WORK TO BE COMPLETED: The following data needs to be repeated exactly, with all images excluded.

Caption-style text data
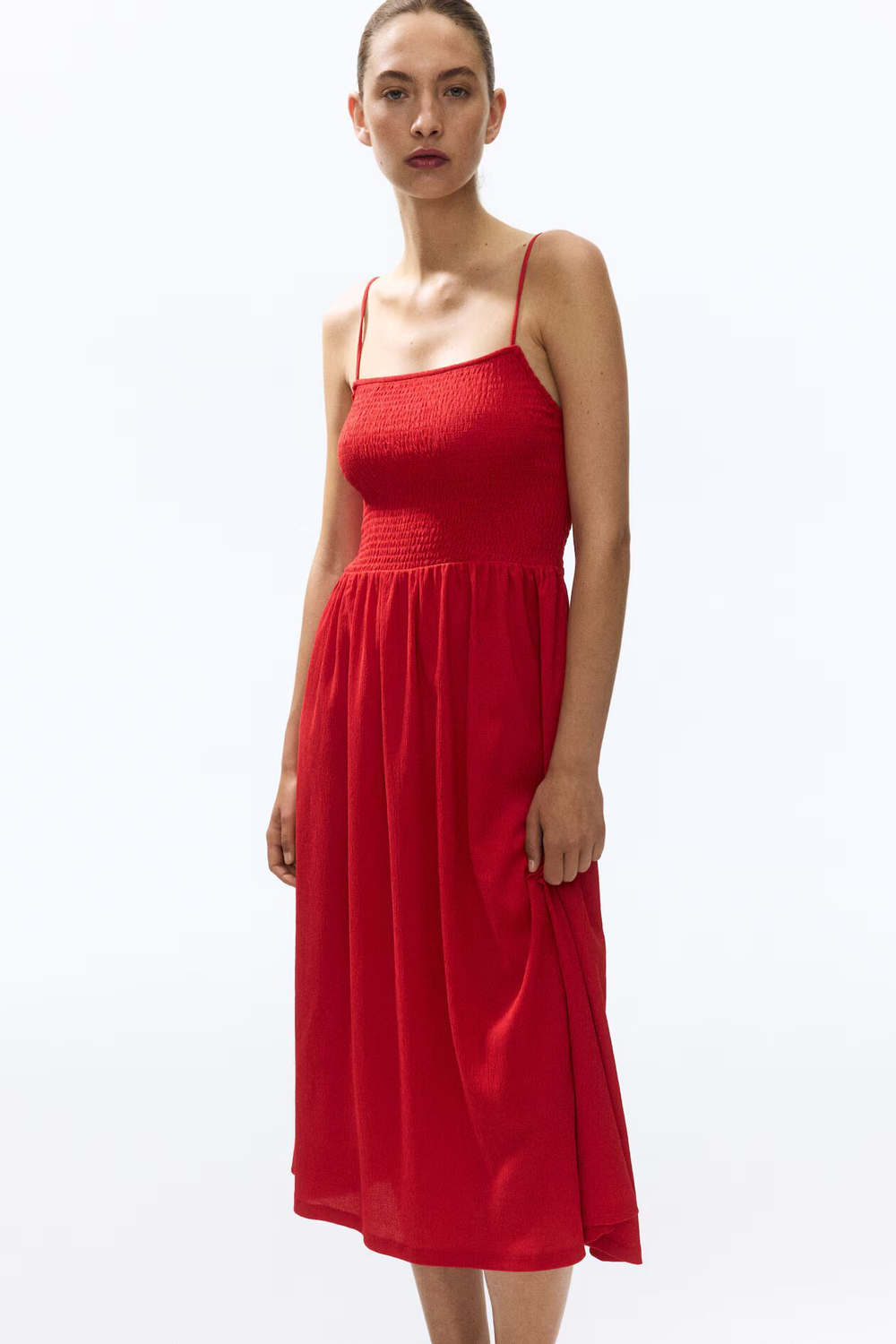 Платье с рюшами и бретелями - H&M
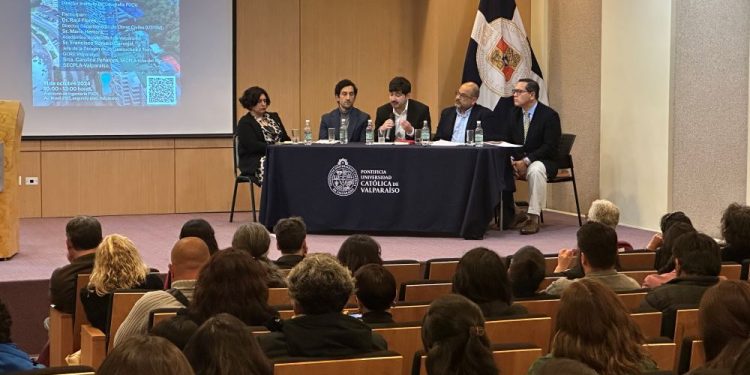 Gobierno Regional de Valparaíso abordó la importancia de la gestión integrada para protección de las áreas costera en seminario realizado en la PUCV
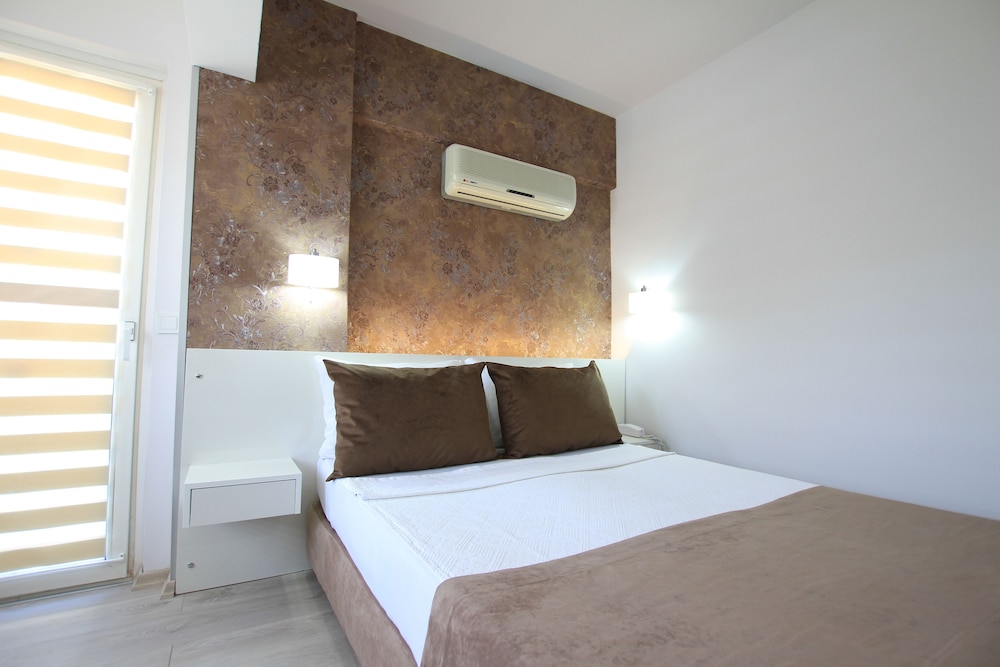 Myra Hotel 9/22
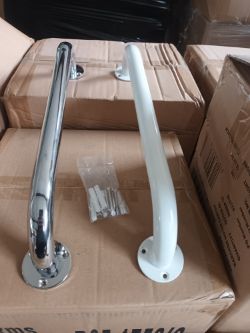 650 X PIECES OF GRAB RAILS 381MM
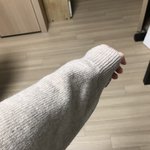 밖에 <b>니트</b> 하나 입고 가는거 에바?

ANSWER:
 Платье с рюшами и бретелями - H&M
 Gobierno Regional de Valparaíso abordó la importancia de la gestión integrada para protección de las áreas costera en seminario realizado en la PUCV
 Myra Hotel 9/22
 650 X PIECES OF GRAB RAILS 381MM
 밖에 <b>니트</b> 하나 입고 가는거 에바?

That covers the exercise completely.